The run was a lot of fun and definitely the highlight of the race for me. Because of the design of the course, there’s a lot of opportunity for crowd support. I had the opportunity to get feedback from my coach at multiple points during each lap, and it was amazing to always have a steady stream of cheer from supporters on the side. The other good ting, depending on what kind of athlete you are, is you can check your competition frequently, and quite easily see who’s probably gone out way too hard! I found the 14km loops a really good distance. 4x10.5km loops is often very mentally challenging, and sometime one or two loops courses are boring. Enjoy the 14km distance and the fact that there’s a clear beginning, a middle and an end!

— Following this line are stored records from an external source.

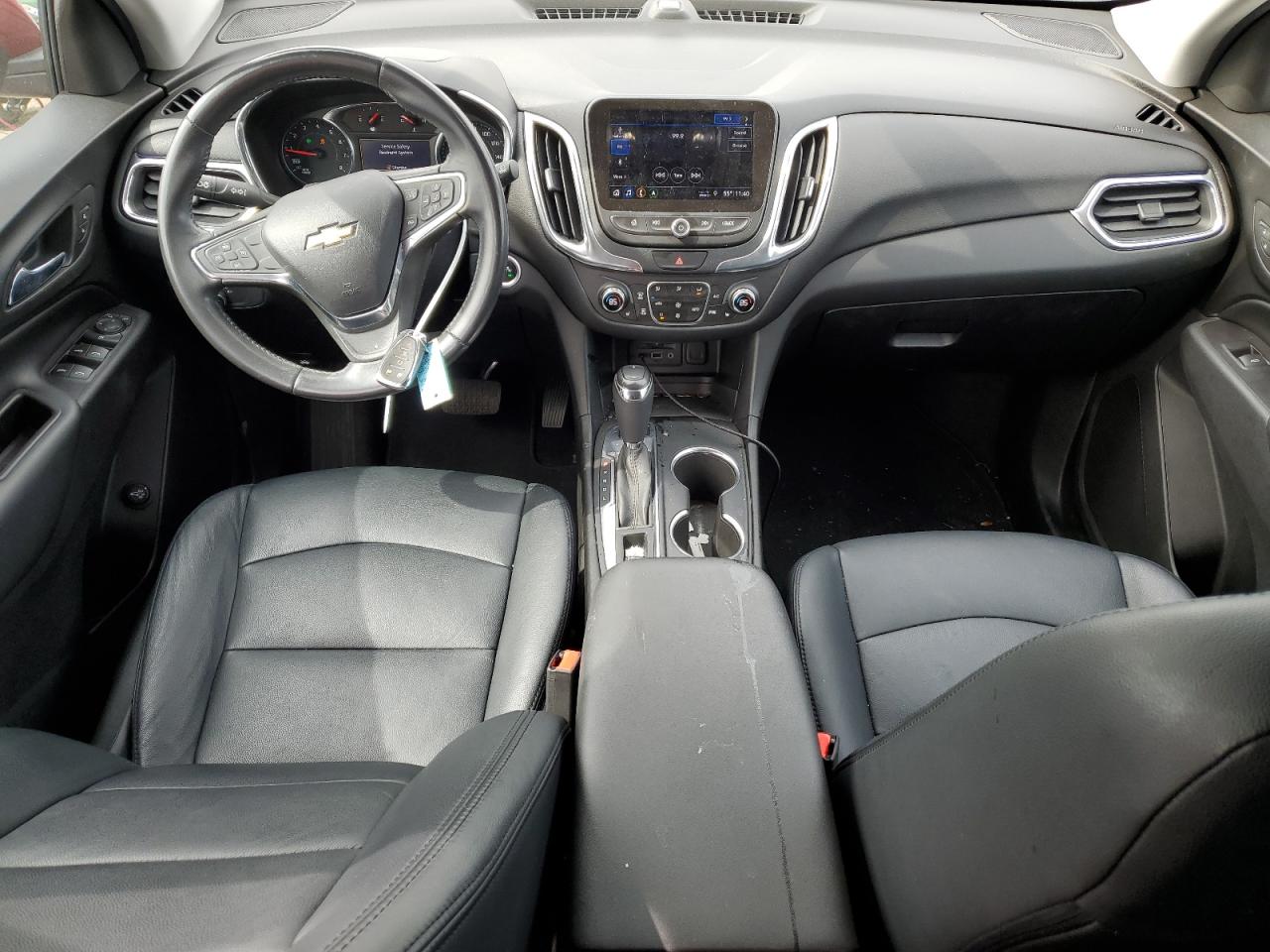 Photo 7 VIN: 2GNAXLEX5K6139288 - CHEVROLET EQUINOX LT 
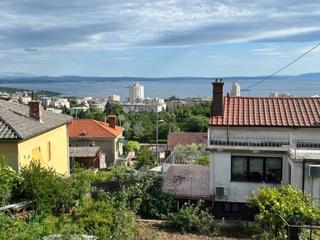Stanovanje Trsat, Rijeka, 95,60m2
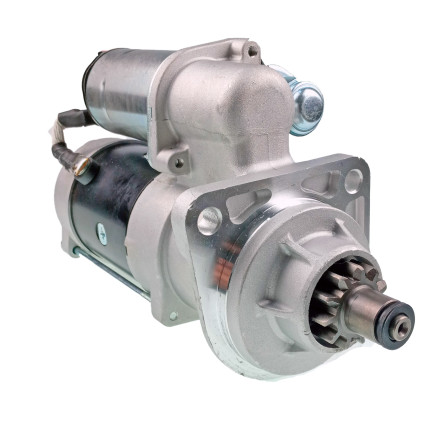 MOTOR PARTIDA COMPATÍVEL DELCO 29MT 24V 11D MB 1720 1621 DAP1050407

To me, Ironman racing represents a sort of pinnacle of human achievement. There are more extreme events you can do, you can do longer multi-day races, or some trans-continental crossing for instance. But Ironman is easily the most extreme one day race in the world, and the key word here is that it is indeed a ‘race’, no matter whether you finish in 8 hours or 16 hours. As athletes, what we put our bodies through in that one day is torturous. Most often, we willingly race like there’s no tomorrow. We know how much pain we’re going to be in, we know we won’t be able to walk tomorrow, but oddly enough it’s all worth it for the experience. For most of us, it’s not just about completing the distance, it’s about doing it in the best possible time and having the best possible result in our category. It’s a journey towards not just athletic fulfilment, but also personal fulfilment. It’s a compelling thing, to ourselves as finishers, but also to others as onlookers. I’ve done 6 Ironman races now. It might sound like a lot, or it might sound like a little. But no matter what your number is, each Ironman race is very special, and represents significant investment from all stakeholders; yourselves as athletes, your family or friends as supporters, you training partners, clubs or sponsors, local communities and councils etc. It’s a big thing, and each Ironman race should be celebrated equally, as a monumental achievement. So don’t forget to feel the culmination of that effort and achievement as you run down that finish chute; crack a massive smile and fist pump like you’re never fist pumped before!